Сойдя с Куропольского посада, на котором стоит Спасо-Преображенский собор, и пройдя по дощатому мосту, Михайло, миновав главную улицу Холмогор, вышел по крутому речному берегу к месту, где он падает к воде ухабами и земляными щелями.

Внизу широко в намытых песчаных берегах текла медленная и холодная река. За Курополкой, против высокого холмогорского берега, лежал Куростров. Над Нальостровом, Нижней Юрмолой, двинским полоем Ухтостровкой и дальше, к Вавчуге, низко нависли облака. Издали были видны разбросавшиеся по острову островерхие стога, наметанные около высоких жердей, которыми каждый стог был будто проткнут; жердь держала стог и не давала его сорвать и разметать бурным ветрам. Упавший уже мороз покрыл свежей изморозью бурое от дождей сено. Прямо под низкие облака взлетали и метались в стылом воздухе и кричали бездомные галочьи стаи.

Глубокая осень была в той поре, когда вдруг к какому-либо утру со всех сторон откроется глазу белая земля, которую сплошь за ночь покрыл упавший тихо в темноте снег, и станет зима.

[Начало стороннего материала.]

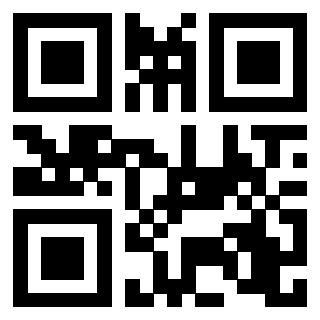 QrCode di 3201653550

Склонив голову, Михайло шел по похрустывавшей под ногами, прохваченной морозом дорожной обочине. Шел он медленно, сбивая на ходу носком сапога то кочку, то заиндевевший куст ромашки.

Что же это сказал в конце Каргопольский? Может, по слабости не выстоял он в жизни? Непохоже… Нет. Просто тревожится. Привык к своему страданию и будто тешится им. Рану нарочно бередит.

И Михайло вспомнил разговоры с дедом Федором. «А ты полюби свое страдание, — говорил ему дед Федор, — полюби. Вдруг правды в нем больше, чем в радости».

Больше? Нет. Страдание — боль, от боли — уходить. Разве что живое намеренно боли хочет?

Постояв на берегу, под который подкатывала холодная двинская волна, Михайло пошел дальше.

Вот и еще одна зима подходит. Последняя здесь. Все готово. С «Арифметикой» кончено, с «Грамматикой» тоже. Больше здесь делать нечего. Латынь теперь. Но это уже нездешнее учение, тут ему лишь бы начать. Не зная того, что в «Арифметике» и «Грамматике», в Спасские школы не поступишь совсем, знание же латыни просто облегчение при поступлении. Значит, пока что налечь на латынь. Каргопольский поможет.

И Михайло пощупал лежавший у него в кармане тщательно увернутый в тряпицу тугой томик Альваруса.

По тропке, пробитой в косом скате оврага, Ломоносов спустился к реке и вышел на берег, покрытый плотным лежалым песком.

На берегу снаряжалась к ночной ловле семги рыбацкая артель. Это были куростровцы. На воде покачивались карбас и лодки, на которых рыбаки собирались идти на тоню, вниз по Двине. Куростровцы суетились у карбаса и лодок, укладывали сети, боты, ворот для вытягивания грузно набивающихся рыбой сетей. У костра сидел Фома Шубный, брат Ивана Афанасьевича Шубного.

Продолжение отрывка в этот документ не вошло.